Only one of the Llamas should be active to ensure the resources are not partitioned. Llama uses ZooKeeper Access Control Lists (ACLs) to claim exclusive ownership of the cluster when transitioning to active, and monitors this ownership periodically. If another Llama takes over, the first one realizes it within this period.
Reclaiming Cluster Resources
To claim resources from YARN, Llama spawns YARN applications and runs unmanaged ApplicationMasters. When a Llama goes down, the resources allocated to all the YARN applications spawned by it are not reclaimed until YARN times out those applications (default timeout is 10 minutes).
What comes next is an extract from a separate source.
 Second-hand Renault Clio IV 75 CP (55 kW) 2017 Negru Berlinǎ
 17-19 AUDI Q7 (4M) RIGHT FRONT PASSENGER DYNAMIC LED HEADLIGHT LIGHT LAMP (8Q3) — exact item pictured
On Llama failure, these resources are reclaimed by means of a Llama that kills any YARN applications spawned by this pair of Llamas.
Configure Llama HA by modifying the following configuration properties in /etc/llama/conf/llama-site.xml. There is no need for any additional daemons.
|llama.am.cluster.id||Cluster ID of the Llama pair, used to differentiate between different Llamas||llama||[cluster-specific]|
|llama.am.ha.enabled*||Whether to enable Llama HA||false||true|
|llama.am.ha.zk-quorum*||ZooKeeper quorum to use for leader election and fencing||[cluster-specific]|
|llama.am.ha.zk-base||Base znode for leader election and fencing data||/llama||[cluster-specific]|
|llama.am.ha.zk-timeout-ms||The session timeout, in milliseconds, for connections to ZooKeeper quorum||10000||10000|
|llama.am.ha.zk-acl||ACLs to control access to ZooKeeper||world:anyone:rwcda||[cluster-specific]|
|llama.am.ha.zk-auth||Authorization information to go with the ACLs||[cluster-acl-specific]|